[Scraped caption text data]
--- START ---

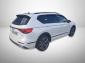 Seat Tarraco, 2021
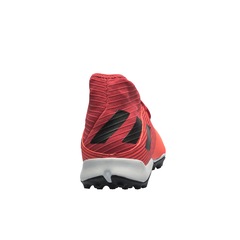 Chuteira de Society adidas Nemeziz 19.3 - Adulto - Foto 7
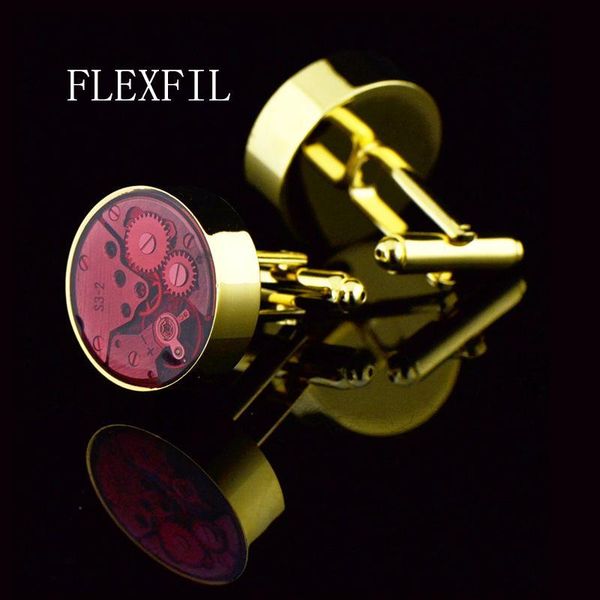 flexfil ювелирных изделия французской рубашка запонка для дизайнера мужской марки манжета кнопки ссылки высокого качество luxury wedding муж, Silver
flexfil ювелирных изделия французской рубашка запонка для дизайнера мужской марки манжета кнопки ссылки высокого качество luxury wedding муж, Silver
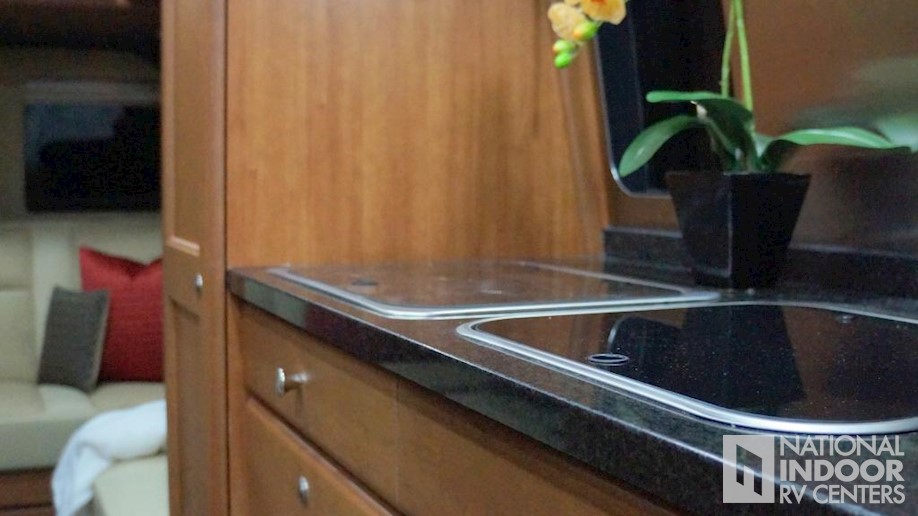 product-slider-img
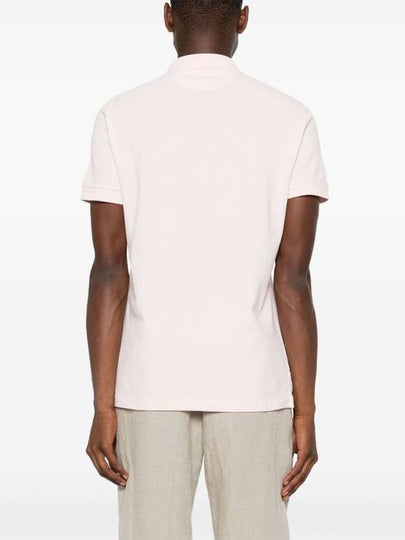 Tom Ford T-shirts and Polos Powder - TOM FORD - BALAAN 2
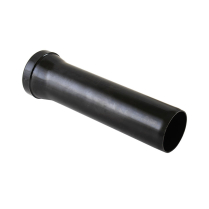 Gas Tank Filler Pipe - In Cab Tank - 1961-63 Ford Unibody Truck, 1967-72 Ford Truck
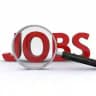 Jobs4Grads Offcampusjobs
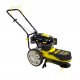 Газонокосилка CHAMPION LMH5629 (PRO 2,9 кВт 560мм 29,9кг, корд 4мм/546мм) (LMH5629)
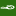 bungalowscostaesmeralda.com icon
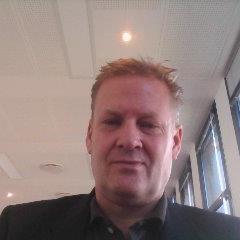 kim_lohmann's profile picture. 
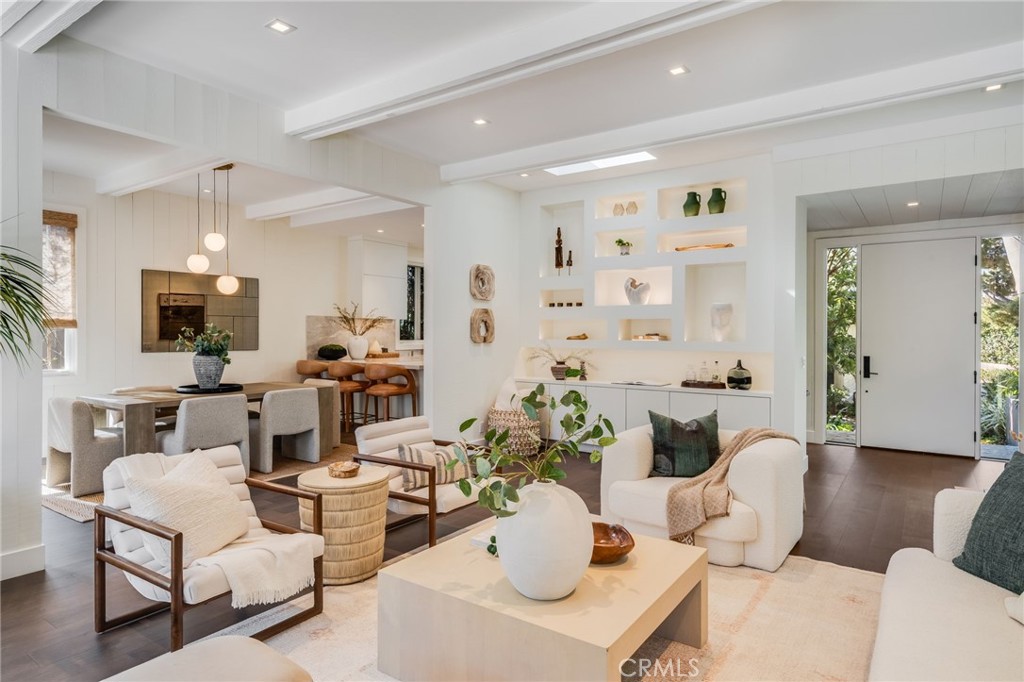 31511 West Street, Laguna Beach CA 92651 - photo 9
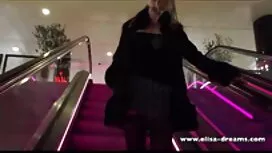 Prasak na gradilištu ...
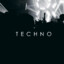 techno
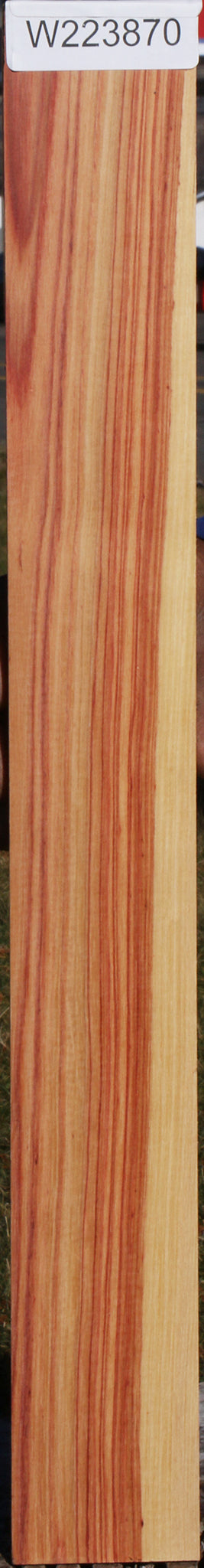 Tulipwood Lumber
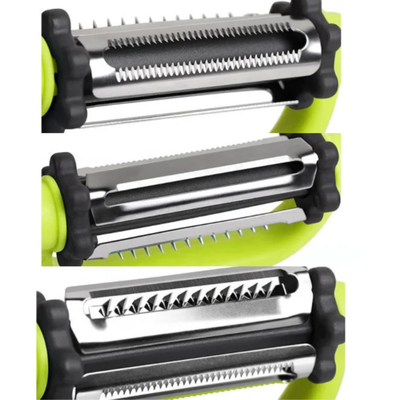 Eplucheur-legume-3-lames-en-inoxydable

--- END ---

_Description of the task_. Reproduce each record from above exactly; pictures do not belong in the copy.

_Expected answer_.
 Seat Tarraco, 2021
 Chuteira de Society adidas Nemeziz 19.3 - Adulto - Foto 7
 flexfil ювелирных изделия французской рубашка запонка для дизайнера мужской марки манжета кнопки ссылки высокого качество luxury wedding муж, Silver
flexfil ювелирных изделия французской рубашка запонка для дизайнера мужской марки манжета кнопки ссылки высокого качество luxury wedding муж, Silver
 product-slider-img
 Tom Ford T-shirts and Polos Powder - TOM FORD - BALAAN 2
 Gas Tank Filler Pipe - In Cab Tank - 1961-63 Ford Unibody Truck, 1967-72 Ford Truck
 Jobs4Grads Offcampusjobs
 Газонокосилка CHAMPION LMH5629 (PRO 2,9 кВт 560мм 29,9кг, корд 4мм/546мм) (LMH5629)
 bungalowscostaesmeralda.com icon
 kim_lohmann's profile picture. 
 31511 West Street, Laguna Beach CA 92651 - photo 9
 Prasak na gradilištu ...
 techno
 Tulipwood Lumber
 Eplucheur-legume-3-lames-en-inoxydable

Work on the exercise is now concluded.